В то время КГБ ещё давало нам свободный телефонный перезвон с Москвой, и вечером 14-го я позвонил И. Р. Шафаревичу открыто, узнать, как прошло. Разговор я записал подробно, и сейчас освежил в памяти. Черты этой пресс-конференции при немалом событии – декларативном самообъявлении независимого направления русской мысли, с острой опасностью для участников, – так характерны для новостийно-газетного, легкоплавающего восприятия. Наших выступало четверо (не-анонимы). Из пришедших корреспондентов ни один не владел русским языком настолько, чтобы понимать теоретические положения. (Да от газетчиков – и не ожидается к ним интерес. Это была наша ошибка.) Вместо этого все два часа мучительно растолковывали им элементарное – в стране, где они аккредитованы годами и должны бы понимать пронзительно и стремительно! Им говорили об основных признаках советской жизни – погубленной деревне, разоряемой природе, подавленных верующих, обширных лагерях, об отсутствии самосознания, – изо всего их тревожила только нынешняя еврейская эмиграция, и не тем, что образованные люди толпами покидают страну, а: каковы перспективы этой эмиграции развиваться свободно, без правительственных ограничений? – ведь эмиграция вполне обоснованна, раз в этой стране упадок культуры, а эмигрантам будет лучше на новом месте.

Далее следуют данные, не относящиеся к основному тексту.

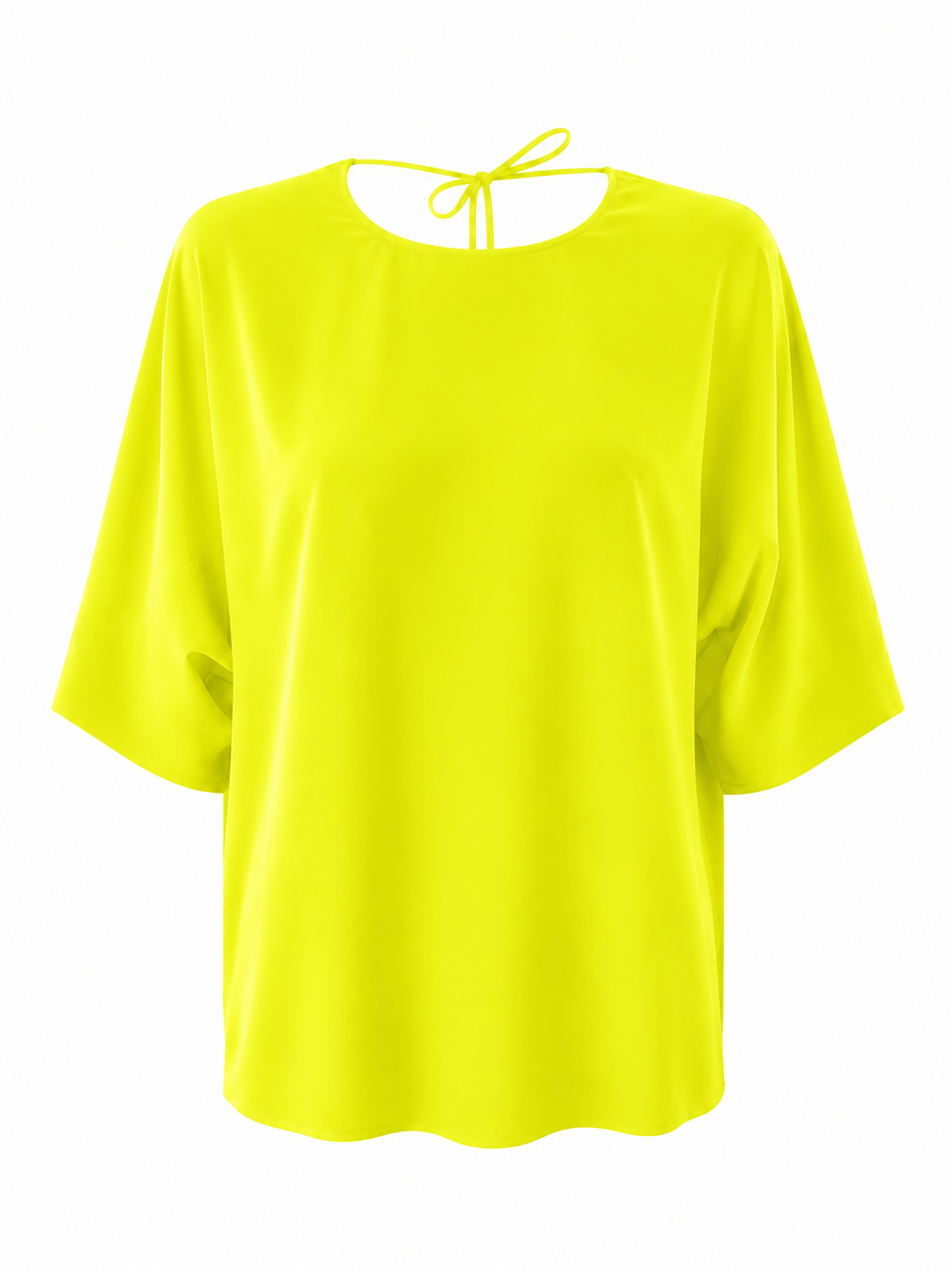 Open back top | Silk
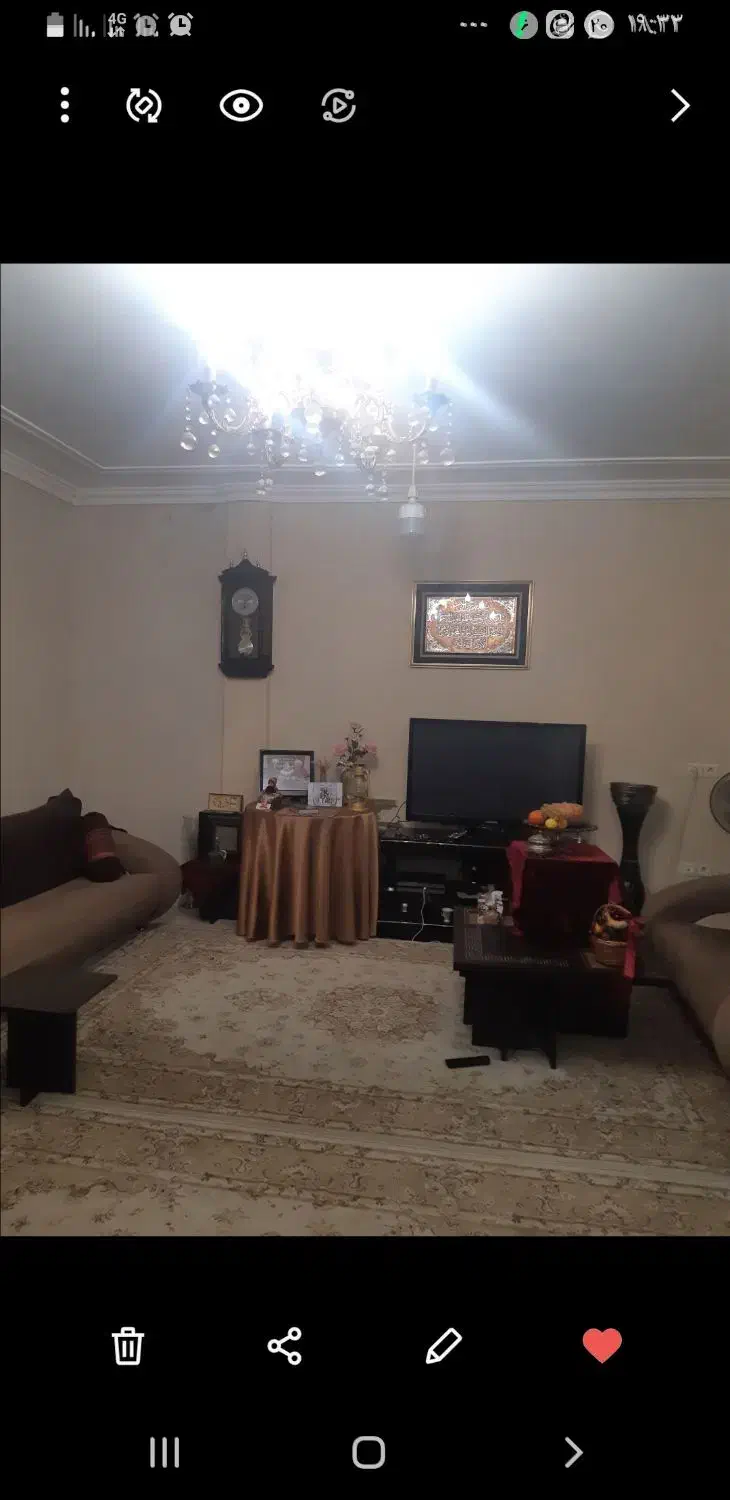 لوستر برتجی اصل|لوستر و چراغ آویز|گرگان, |دیوار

Сходные ошибки допустил и я на своей цюрихской пресс-конференции. Для мощной поддержки наших ребят я размахнулся устроить её как можно шире, громче, международней. Да ведь и символ же какой виделся в том, что вот из Цюриха оглашается документ, сводка выводов, в которых группа русских людей рассказывает, чем кончилось то 60-летнее злодейство, которое Ленин поехал совершать именно из этого самого Цюриха. Сперва добивался я в городе зала с оборудованием для одновременного многоязыкового перевода. Не удалось. Ладно, решили просто у себя дома, растворив дверь между двумя комнатами. Долго составляли список приглашаемых. Хотелось – побольше, но более 30 человек поместить было невозможно. И верно же советовала мне Аля как можно короче говорить, свести к факту появления, мужеству составителей и самым ярким местам книги, – я же не мог себя подавить и отказаться от подробного обзора статей, перевод шёл последовательный, час моей речи да час перевода, корреспонденты осовели, только крутились магнитофоны русскоязычных западных радиостанций, только они что-то и спасли. – После перерыва перешли к вопросам. По существу проблем сборника их, конечно, не было, а тоже сбились на политику: как понимать наш сборник – как «левый» или как «правый»? – только так, в плоскости, могли они расположить и усвоить. Появление сборника – является ли частью международной разрядки? (И это спрашивает Европа – Россию! Дожили.)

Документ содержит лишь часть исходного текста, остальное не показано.